Early in her story, Evelyn shares how as an adolescent she was brutally raped by gang members of the notorious narco-trafficking gang (60,000 members), MS-13, as punishment for their betrayal by her older brother. He is murdered as is another brother, Andres. During the rape Evelyn witnesses Andres’ throat being cut.

After that incident Evelyn cannot or will not speak. Her grandmother takes her to a well-known healer. In one of the most memorable scenes in the book—with Allende’s evocative descriptive power at its best—the healer gives her ayahuasca tea to drink and in a hallucinatory state:

“The visions came in rapid succession. In some of them, her mother appeared as she had last seen her; others were scenes from her childhood, bathing in the river with other children, or at age five riding on the shoulders of her elder brother, a jaguar with two cubs emerged. . . . She surrenders completely to the drug and as she did so, lost all her fear. The mother jaguar returned with her cubs, and Evelyn dared to stroke her on the back. Her fur was rough, with a swamp like feel. The enormous animal accompanied her as she entered and left other visions, watching with her amber eyes, showing her the way when she got lost in abstract labyrinths, protecting her when any evil being came near.”
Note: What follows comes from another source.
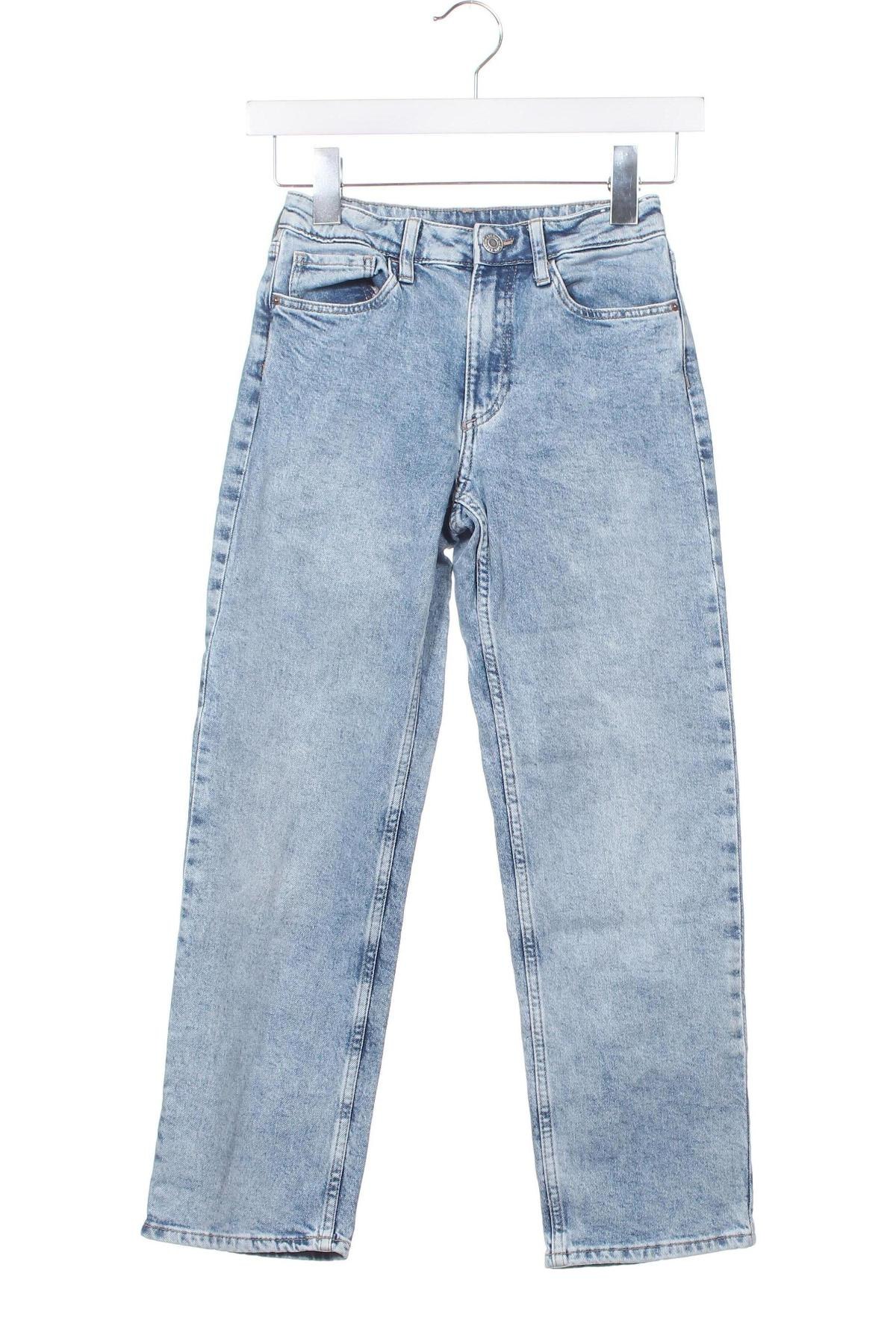 Dziecięce jeansy H&M, Rozmiar 7-8y/ 128-134 cm, Kolor Niebieski, Cena 71,91 zł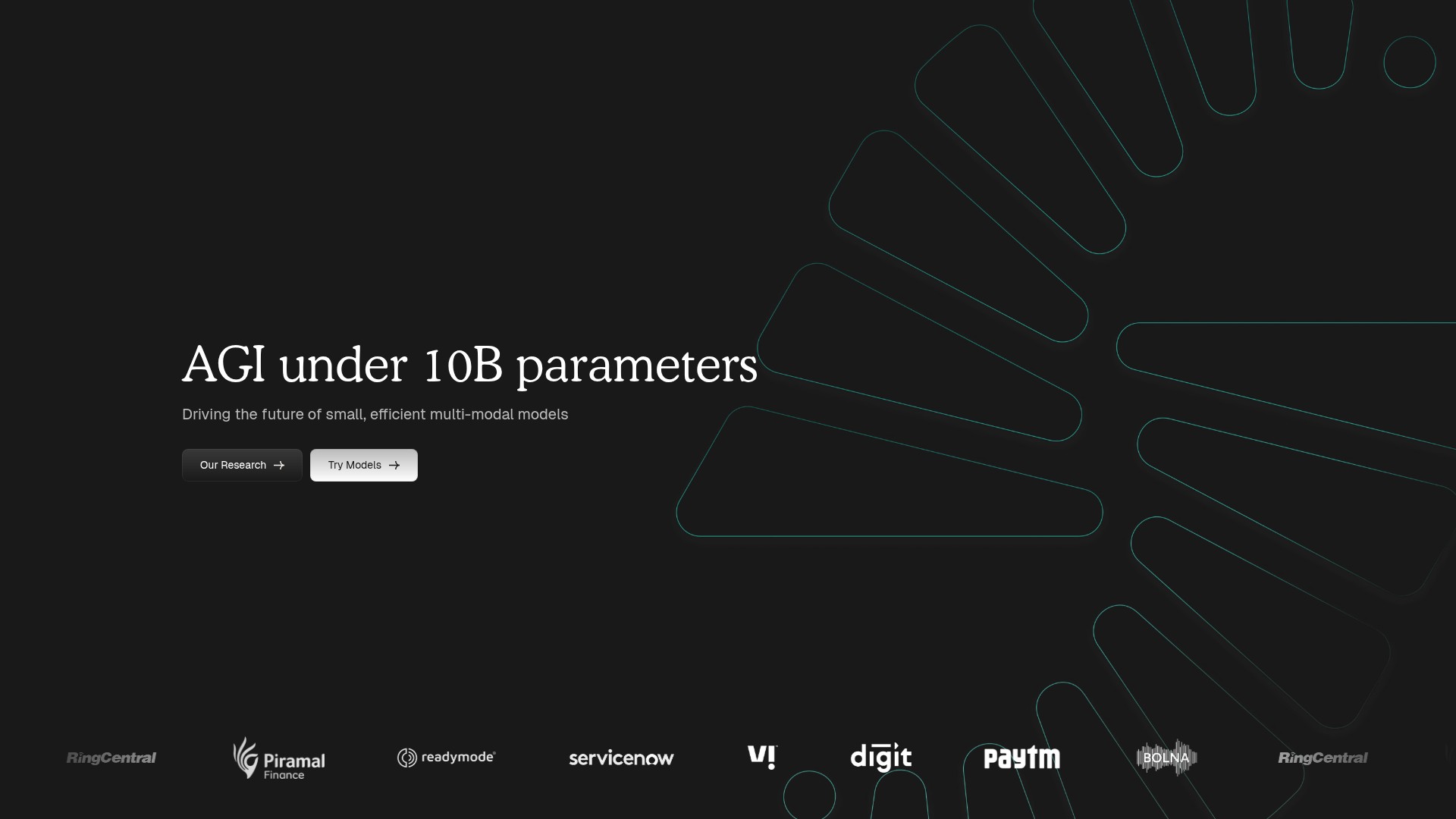 Smallest.ai homepage showing the Lightning TTS platform with voice agent and text-to-speech features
The healer gives Evelyn an amulet representing the power and protection of the jaguar. In the conclusion of the novel—in a scene reminiscent of Allende’s previous magical realism writing—the jaguar is invoked again.

Allende is a masterly writer when she writes of emotions, and especially of love. “With Lucia, Richard felt as if decades had been ripped from the calendar and he was eighteen again. He had thought he was immune, and yet there he was, like a youngster prey to his hormones. . . . In those divine hours of night, he was accompanied for the first time in twenty-five years; he felt so close to her as they breathed in unison. It was very easy to sleep with her, and very complicated what was happening to him now, this mixture of happiness and terror, of anticipation and the wish to run away; the urgency of desire.”

On the final page of the novel, Richard, in response to a query from Lucia, quotes Albert Camus: “In the midst of winter, I finally found there was within me an invincible summer.”

Ultimately this is a novel of the redemptive recording of oral history and also of healing love. The murder subplot is an unnecessary add-on.